Nithin Coca, 913-940-1571
Glen Besa, 804-387-6001
Sierra Club Engages Youth in Deeds/McDonnell and other Virginia Races
New Website Provides Youth with Information to Empower and Educate
Washington, DC: Sierra Club today launched an unprecedented youth outreach campaign geared at engaging young voters in Virginia on the issues that matter most to them. With a focus on the statewide races for Governor, Lt. Governor and Attorney General, the campaign will also include information about Assembly races across the state.
The “Keep Change Alive” Campaign feature a new voter education website—http://www.keepchangealiveva.com, online advertising and grassroots organizing efforts with the goal of ensuring that young people’s voices are heard this fall in Virginia.
“Historically, turnout is extremely low in an odd-year election, particularly among young people, but last year saw an unprecedented level of participation in the election process,” said Cathy Duvall, Sierra Club’s Political Director. “People across Virginia, and especially young people, often cite lack of information as a reason for not voting.
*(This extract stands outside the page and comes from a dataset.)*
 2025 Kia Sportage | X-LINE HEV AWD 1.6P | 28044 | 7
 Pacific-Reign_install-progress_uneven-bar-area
Our goal is to engage, motivate and turn out those young voters to keep change alive and follow-through on the momentum of 2008 into 2009 and beyond.”
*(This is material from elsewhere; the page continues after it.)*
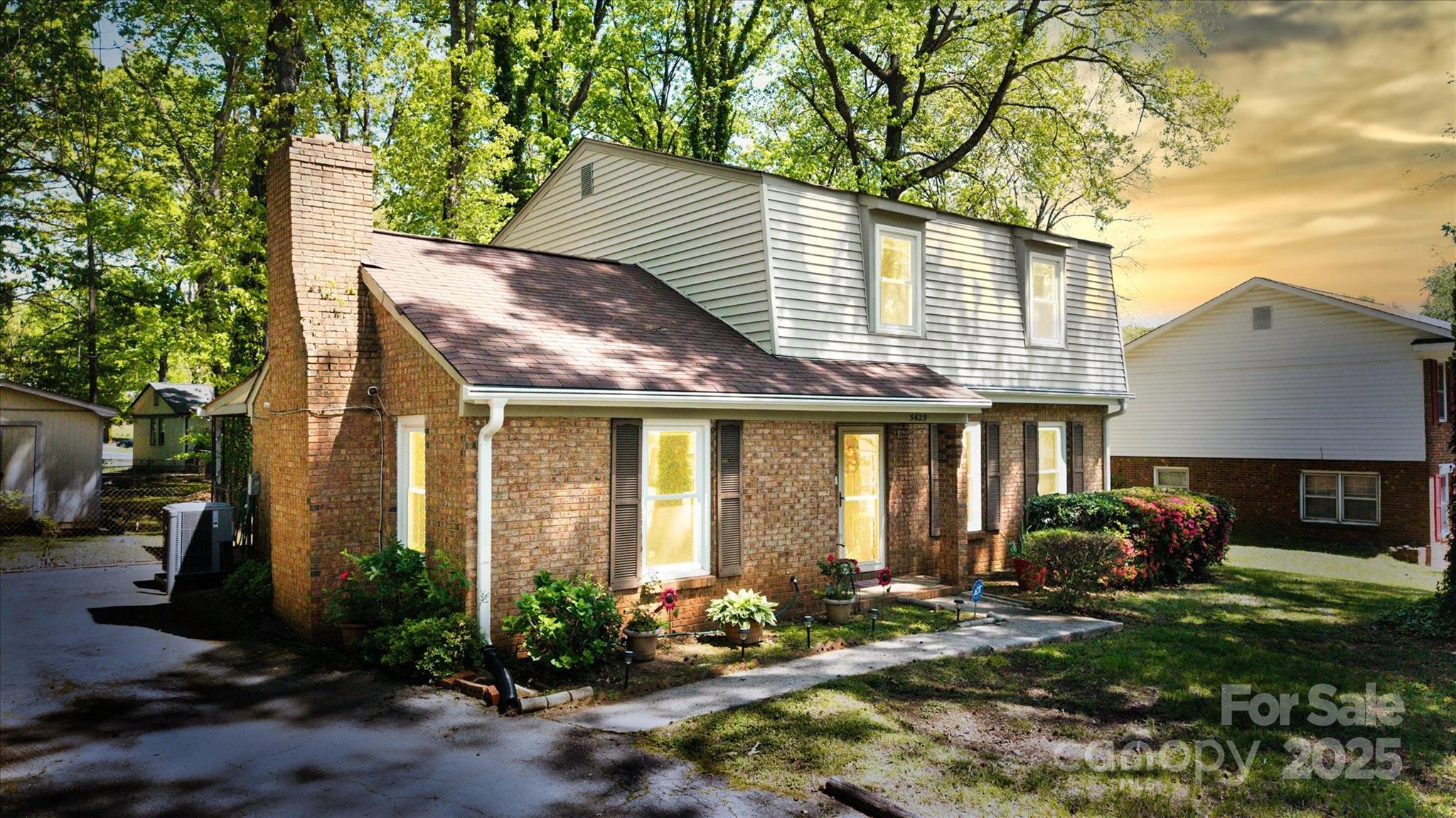 5623 Eastbrook Road Charlotte NC 28215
The Sierra Club is leveraging its extensive grassroots power in numerous races, including the Governor’s race and state Delegate races, by mobilizing members and supporters to work directly with endorsed candidates, providing boots on the ground and fingers to dial thousands of voters in these critical races.
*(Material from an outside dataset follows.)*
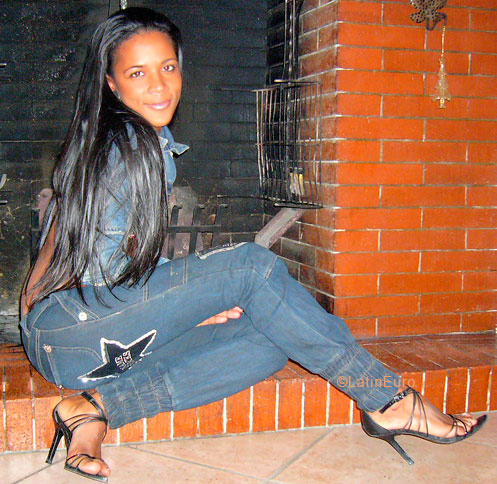 Date this happy Brazil girl Silvana from SALVADOR B5471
"Historically, many of the delegate races have been decided by less than 200 votes, “said Glen Besa, Director of Sierra Club’s Virginia Chapter. “Our ability to mobilize our members and communicate with thousands of voters in each district can help put candidates over the top on Election Day.”
As part of the campaign, Sierra Club also launched a voter education website aimed at providing young voters with a trusted source of information on environmental issues, including contrasting the positions of the candidates running for statewide and local offices. There is also a blog which will highlight environmental news and various grassroots actions from across Virginia. Aiding this will be a widespread online advertising campaign aimed at educating voters about the choices this November.
“From cleaning up the Chesapeake Bay, to transportation, to our clean energy future, there are clear differences between candidates on issues that matter to Virginians,” said Besa.